In February 2021, Lonestar began flowback operations on 3 gross
/ 1.5 net wells, the Hawkeye 33H, Hawkeye 34H, and Hawkeye 35H.
These wells recorded initial rates over a 30-day period (“Max-30
rates”) of 938 BOE/d, 91% of which was crude oil. Recently,
Lonestar introduced artificial lift operations on these wells and
they have responded favorably, with current production rates
averaging 800 BOE/d per well. The Company holds a 50% working
interest (“WI”) / 38% net revenue interest (“NRI”) in these
wells.
- Hawkeye #33H – With a perforated interval of 10,875 feet, the
#33H tested 931 Bbls/d oil, 43 Bbls/d of NGLs, 307 Mcf/d, or 1,024
BOE/d (three-stream) on a 30/64” choke.
- Hawkeye #34H – With a perforated interval of 10,770 feet, the
#34H tested 774 Bbls/d oil, 35 Bbls/d of NGLs, 253 Mcf/d, or 851
BOE/d (three-stream) on a 30/64” choke.
- Hawkeye #35H – With a perforated interval of 10,821 feet, the
#35H tested 769 Bbls/d oil, 38 Bbls/d of NGLs, 272 Mcf/d, or 852
BOE/d (three-stream) on a 30/64” choke.
As part of its Joint Venture with Marathon Oil Corporation,
Lonestar, as operator, has permitted a three-well pad on its
Hawkeye asset. Lonestar recently commenced drilling operations on
three wells, the Hawkeye #9H, #10H and #11H, with designed
perforated intervals exceeding 11,000 feet.
EAGLE FORD SHALE TREND - EASTERN REGION
In our Eastern Region, 1Q21 production averaged approximately
236 BOE/d, a 10% decrease over 1Q20 rates. Production consisted of
150 barrels of oil per day (64%), 47 barrels of NGL’s per day
(20%), and 231 Mcf of natural gas per day (16%).

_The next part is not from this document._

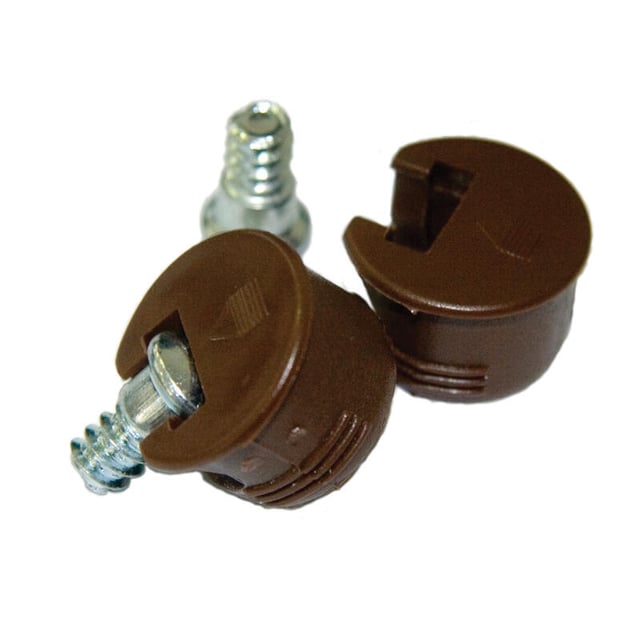 SOPORTE INVISIBLE A PRESION PLASTICO  20 MM MARRON. 10 UDS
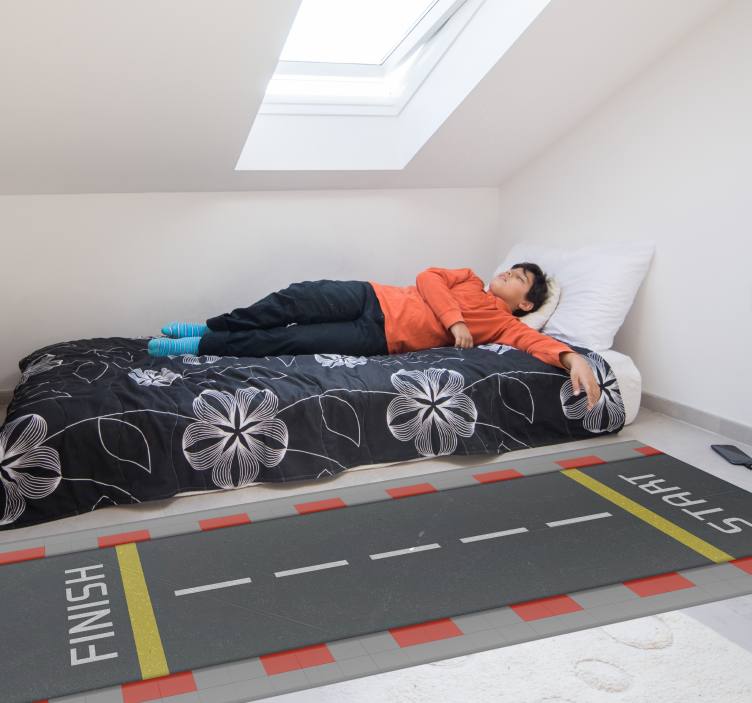 Classic race track road vinyl rug - TenStickers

ABOUT LONESTAR RESOURCES US INC.
Lonestar is an independent oil and natural gas company based in
Fort Worth, Texas, focused on the development, production, and
acquisition of unconventional oil, NGLs, and natural gas properties
in the Eagle Ford Shale in Texas, where we have accumulated
approximately 72,682 gross (53,550 net) acres in what we believe to
be the formation’s crude oil and condensate windows, as of March
31, 2021. For more information, please visit
www.lonestarresources.com.
CAUTIONARY & FORWARD-LOOKING STATEMENTS
Cautionary Note Regarding Forward-Looking Statements
Disclosures in this press release contain certain
forward-looking statements within the meaning of the federal
securities laws. Statements that do not relate strictly to
historical or current facts are forward-looking. These statements
contain words such as “possible,” “if,” “will,” “expect” and
“assuming” and involve risks and uncertainties including, among
others that our business plans may change as circumstances warrant
and securities of the Company may not ultimately be offered to the
public because of general market conditions or other factors.

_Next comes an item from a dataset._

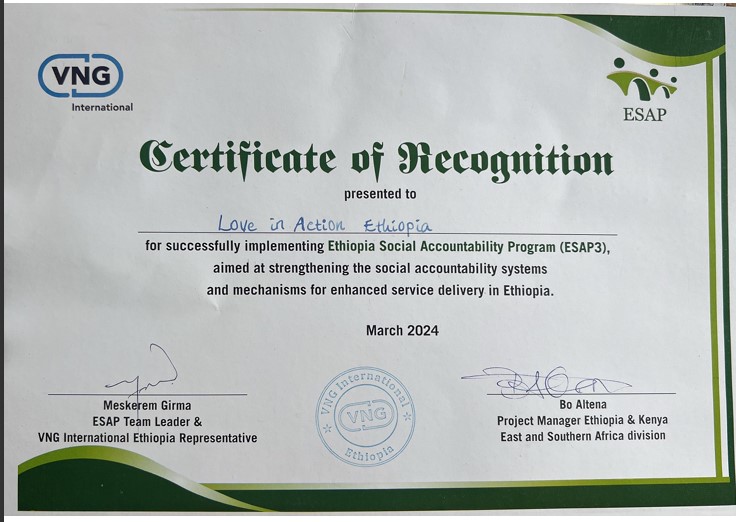 VGN & ESAP RECOGNITION AWARD 2024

Accordingly, readers should not place undue reliance on
forward-looking statements as a prediction of actual results. For
more information concerning factors that could cause actual results
to differ materially from those conveyed in the forward-looking
statements, please refer to the “Risk Factors” section of the
Company’s Annual Report on Form 10-K for the year ended December
31, 2020, filed with the Securities and Exchange Commission (the
“SEC”) on March 31, 2021 and any subsequently filed quarterly
reports on Form 10-Q. Any forward-looking statements in this press
release are made as of the date of this press release and the
Company undertakes no obligation to update or revise such
forward-looking statements to reflect events or circumstances that
occur, or of which the Company becomes aware, after the date
hereof, unless required by law.
(Unaudited Financial Statements to Follow)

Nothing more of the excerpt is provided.